Build NVIDIA AI Enterprise
- NVIDIA Base Command
- Download
- Setup NVIDIA AI Enterprise
- NGC Catalog CLI
- Disable Nouveau
- Install Nvidia Driver
- Licensing Stuff
- Setup Nvidia Container
NVIDIA Base Command
Download
- To download you have to log into the partner portal and then go to NVIDIA NGC
- Link: https://catalog.ngc.nvidia.com/orgs/nvidia/teams/bcme/resources/bcme/version
Setup NVIDIA AI Enterprise
NGC Catalog CLI
- To work with most of this stuff you download the NVIDIA NGC CLI here: https://docs.ngc.nvidia.com/cli/cmd.html
- When you get to the bit about the API key go here https://org.ngc.nvidia.com/setup/api-key
- You can use
ngc config set
to refresh the choices you pick for the install - Note: The environment will be setup for whoever installs this - not everyone. So if you try to run
ngc
as root it won't work.
Disable Nouveau
- Run
sudo vim /etc/default/grub
- Change the Linux command line to this:
GRUB_TIMEOUT=5
GRUB_DISTRIBUTOR="$(sed 's, release .*$,,g' /etc/system-release)"
GRUB_DEFAULT=saved
GRUB_DISABLE_SUBMENU=true
GRUB_TERMINAL_OUTPUT="console"
GRUB_CMDLINE_LINUX="crashkernel=auto resume=/dev/mapper/rhel-swap rd.lvm.lv=rhel/root rd.lvm.lv=rhel/swap rhgb quiet modprobe.blacklist=nouveau"

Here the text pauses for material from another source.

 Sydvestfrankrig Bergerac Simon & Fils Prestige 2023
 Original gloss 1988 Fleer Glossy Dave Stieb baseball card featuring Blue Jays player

GRUB_DISABLE_RECOVERY="true"
GRUB_ENABLE_BLSCFG=true
- As root run the following (I noticed you had to be root - sudo didn't work):
echo "blacklist nouveau" > /etc/modprobe.d/denylist.conf
echo "options nouveau modeset=0" >> /etc/modprobe.d/denylist.conf
sudo dracut --force
grub2-mkconfig -o /boot/efi/EFI/rocky/grub.cfg
dnf update -y # I just added this in so that you don't have to do it later
- Reboot and then make sure nouveau isn't loaded with
lsmod | grep nouveau
Install Nvidia Driver
- If you haven't already make sure everything is up to date with
sudo dnf update -y && reboot
dnf install -y kernel-devel-$(uname -r) kernel-headers-$(uname -r)
- Install dependencies
dnf install elfutils-libelf-devel.x86_64
dnf install -y tar bzip2 make automake gcc gcc-c++ pciutils libglvnd-devel
- The instructions online for this are not currently up to date. Go to https://catalog.ngc.nvidia.com/enterprise and figure out what the current version of NVIDIA AI Enterprise is. For me it is 1.8. The instructions tell you to look for the driver version manually, but this is not necessary. See below:
Find the latest version of AI Enterprise:
Then go to Entities:
At the bottom of entities will be resources. You want the guest driver. Click on it.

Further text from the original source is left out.